Old Order Amish Rhoda Byler’s unusual gift and her remarkable abilities to grow herbs and berries have caused many to think her odd. As rumors mount that Rhoda’s “gift” is a detriment to the community, she chooses isolation, spending her time in her fruit garden and on her thriving canning business.
Miles away in Harvest Mills, Samuel King struggles to keep his family’s apple orchard profitable. As the eldest son, Samuel farms with his brothers, the irrepressible Jacob and brash Eli, while his longtime girlfriend Catherine remains hopeful that Samuel will marry her when he feels financially stable.
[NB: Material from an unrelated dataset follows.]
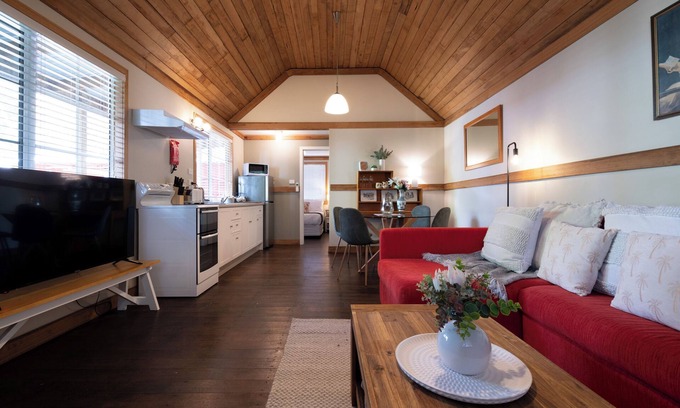 South Launceston Cottage | Station Cottage.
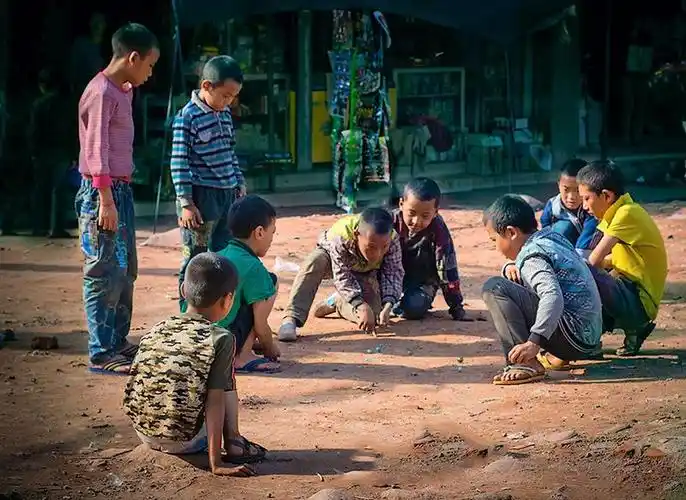 下一页 作品名称: 打弹子  作品描述: 这些娃娃在打玻璃弹珠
Meanwhile, Samuel’s younger sister Leah is testing all the boundaries during her rumschpringe, and finds herself far from home in Rhoda’s garden after a night of partying gone badly. But Leah’s poor choices serve as a bridge between Rhoda and the King family when a tragic mistake in the orchard leaves Samuel searching for solutions.
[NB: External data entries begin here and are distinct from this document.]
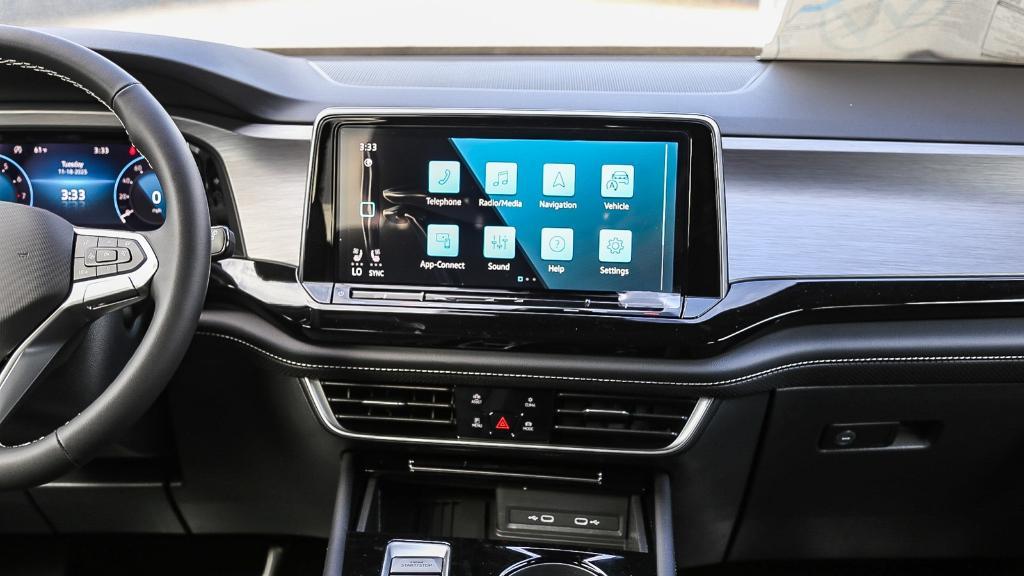 new 2026 Volkswagen Atlas Cross Sport car, priced at $44,457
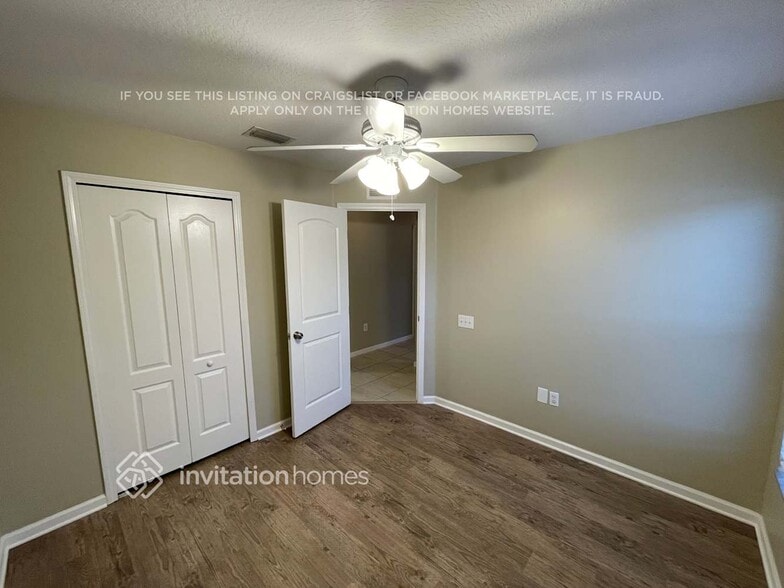 Building Photo - 25401 Lexington Oaks Blvd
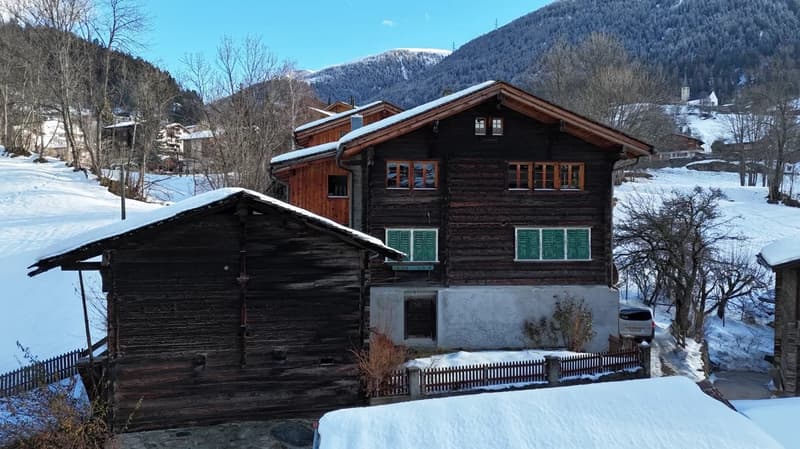 Stadel im typischen Walliserstil inmitten von Fiesch (7)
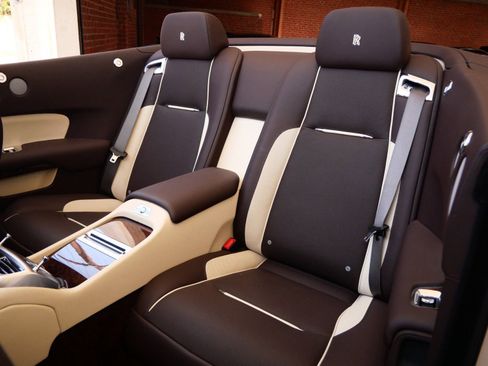 Certified 2018 Rolls-Royce Dawn image 8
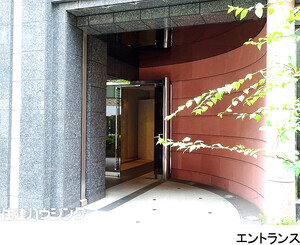 建物エントランス パレステュディオ新宿御苑
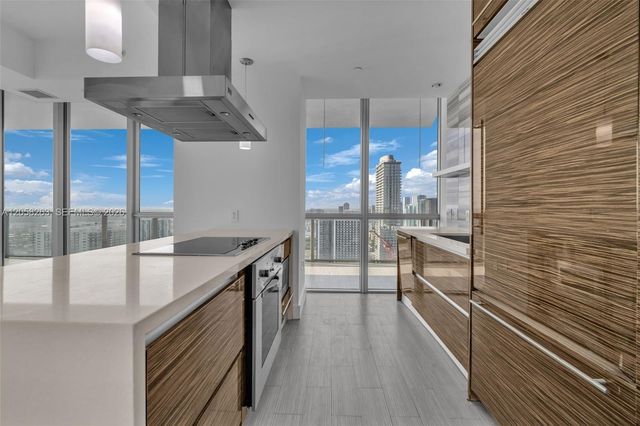 1100 Biscayne Boulevard 4308, Miami, FL 33132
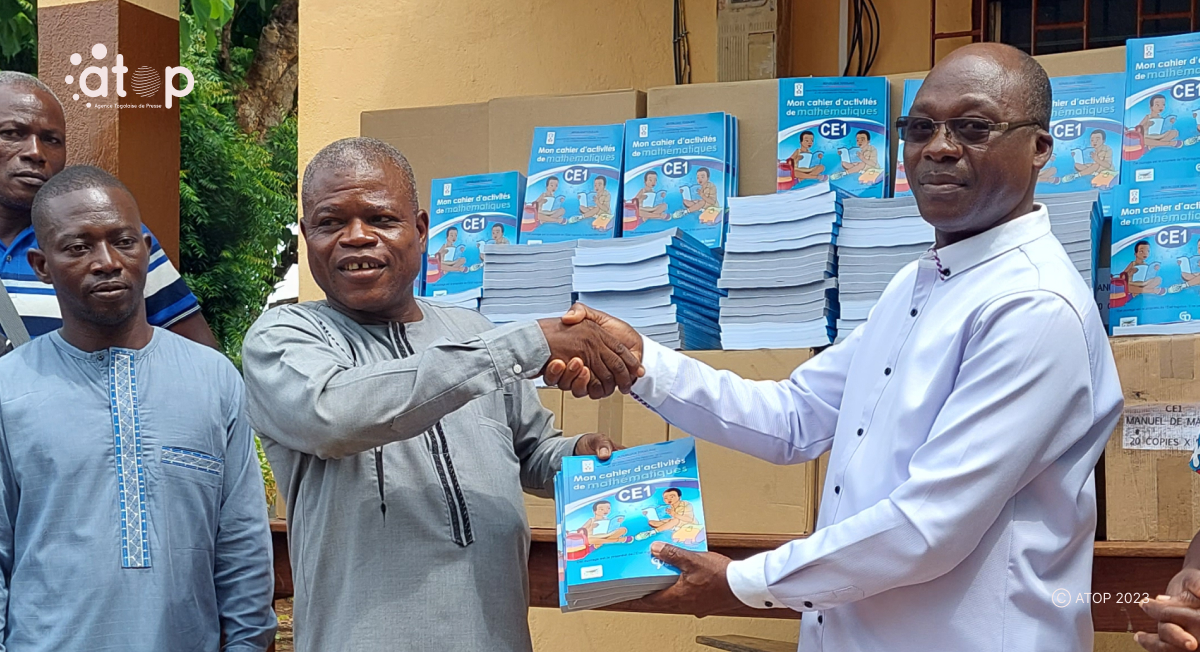 Atop.tg des manuels scolaires offerts aux ecoles primaires de la region des savanes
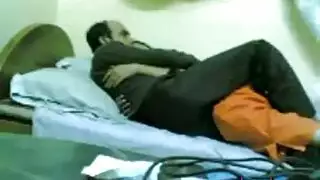 فيلم إباحي عربي مثير: ثنائي جامح على السرير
Rhoda’s expertise in canning could be the answer, but she struggles with guilt over the tragic death of her sister and doesn’t trust herself outside her garden walls. As the lines between business, love, and family begin to blur, can Rhoda finally open up to a new life? And what effect will this odd, amazing woman have on the entire King family?
Cindy Woodsmall is a best-selling author of numerous works of fiction and non-fiction book Plain Wisdom whose connection with the Amish community has been featured on ABC Nightline, in the Wall Street Journal, and throughout other Christian and general news outlets. She lives outside of Atlanta with her family.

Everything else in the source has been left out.